--- START ---

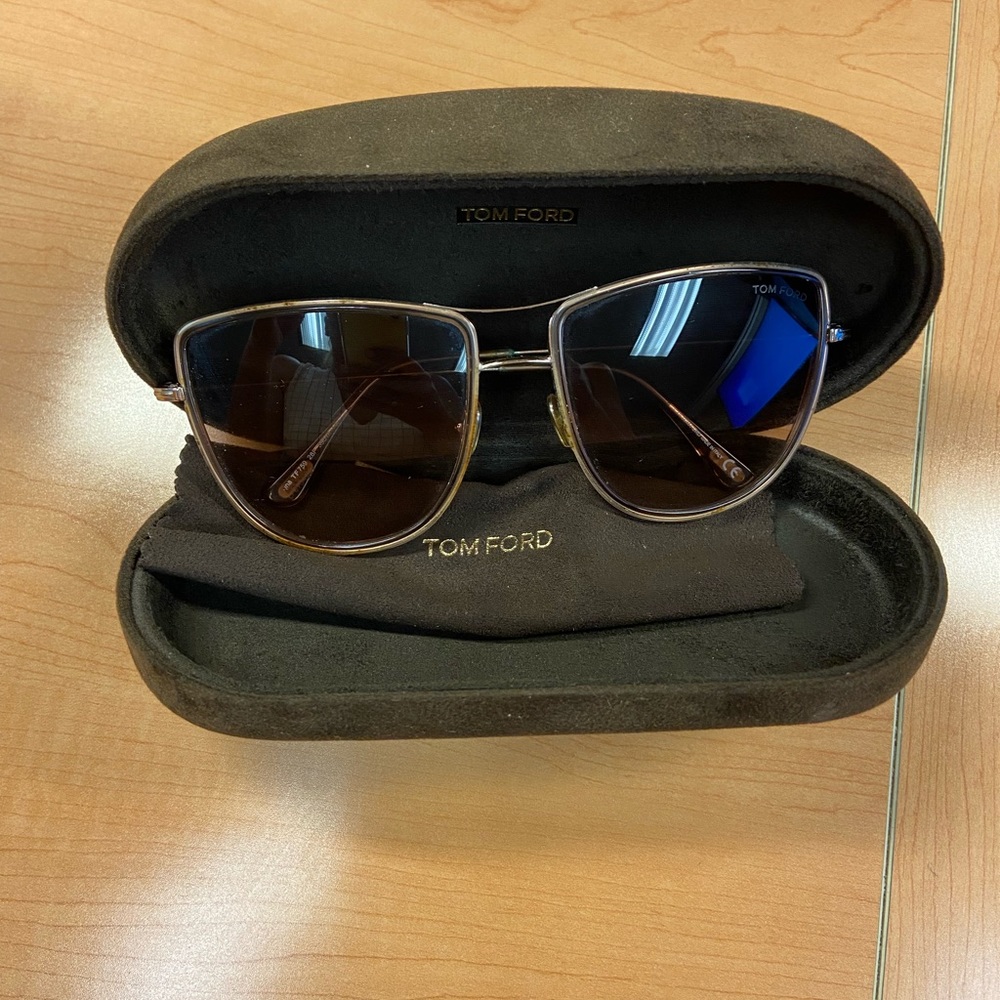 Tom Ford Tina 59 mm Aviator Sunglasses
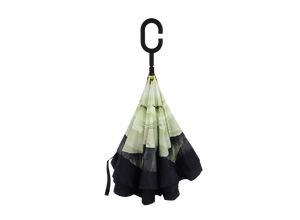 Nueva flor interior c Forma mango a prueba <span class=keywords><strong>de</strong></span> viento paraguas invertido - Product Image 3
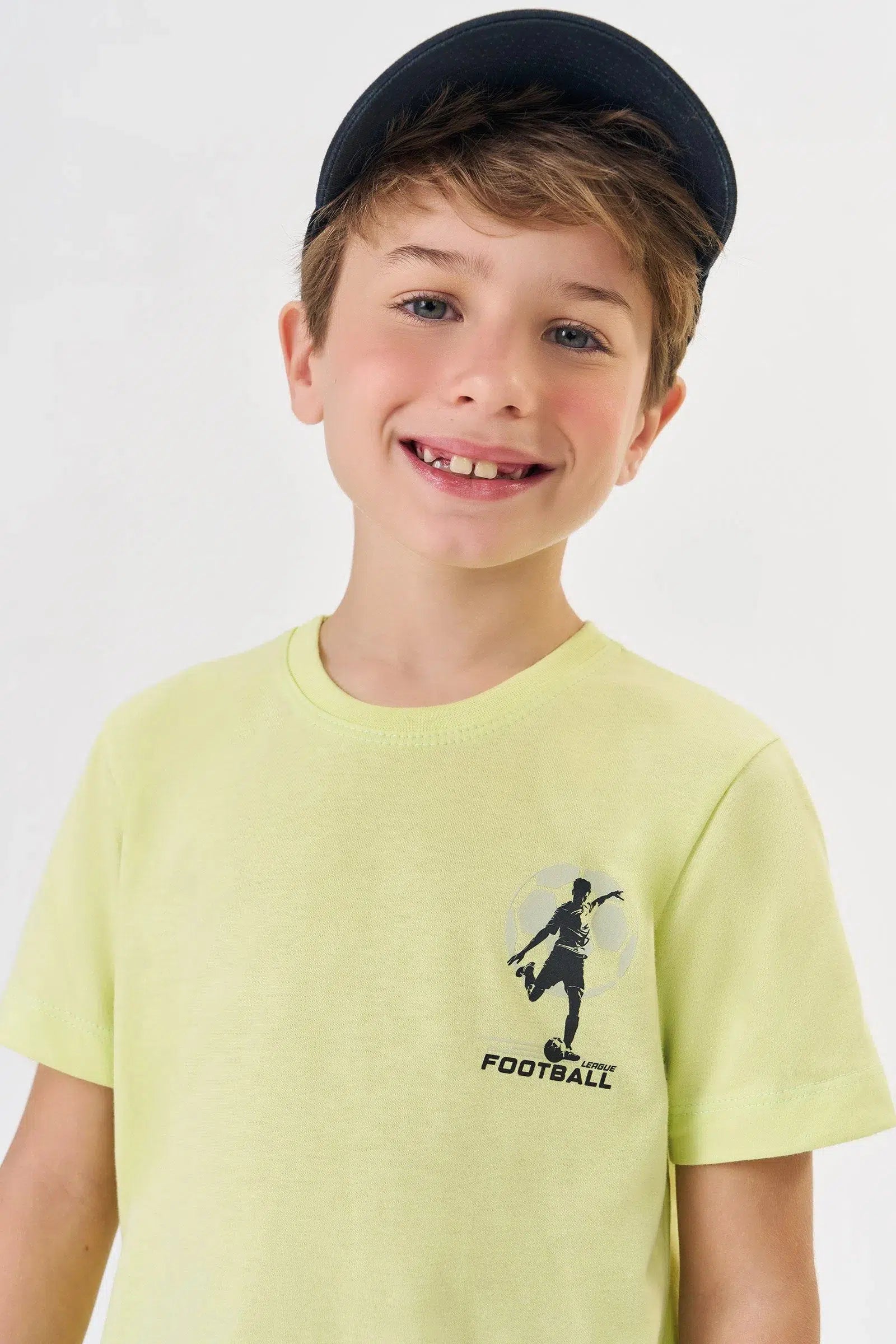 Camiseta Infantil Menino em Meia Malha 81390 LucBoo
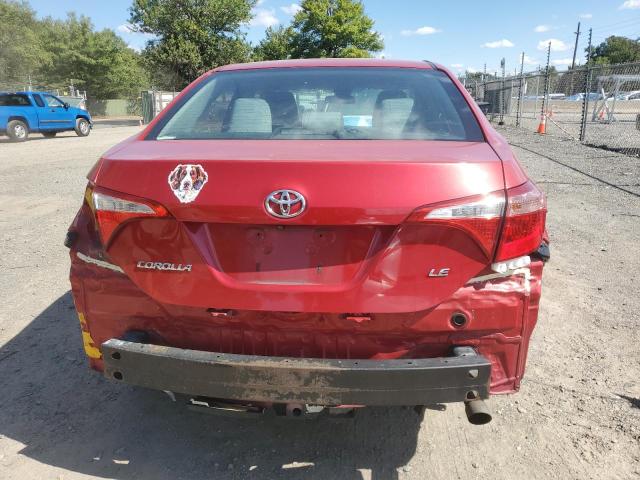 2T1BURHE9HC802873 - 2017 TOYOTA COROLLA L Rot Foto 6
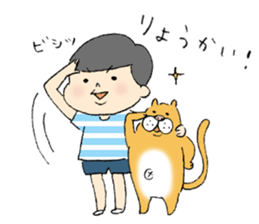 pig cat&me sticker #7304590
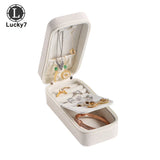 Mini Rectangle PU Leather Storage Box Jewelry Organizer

--- END ---

= PROBLEM REQUIREMENTS =
Your answer must be the entries repeated exactly, with no pictures.

= THE COMPLETED TASK =
 Tom Ford Tina 59 mm Aviator Sunglasses
 Nueva flor interior c Forma mango a prueba <span class=keywords><strong>de</strong></span> viento paraguas invertido - Product Image 3
 Camiseta Infantil Menino em Meia Malha 81390 LucBoo
 2T1BURHE9HC802873 - 2017 TOYOTA COROLLA L Rot Foto 6
 pig cat&me sticker #7304590
 Mini Rectangle PU Leather Storage Box Jewelry Organizer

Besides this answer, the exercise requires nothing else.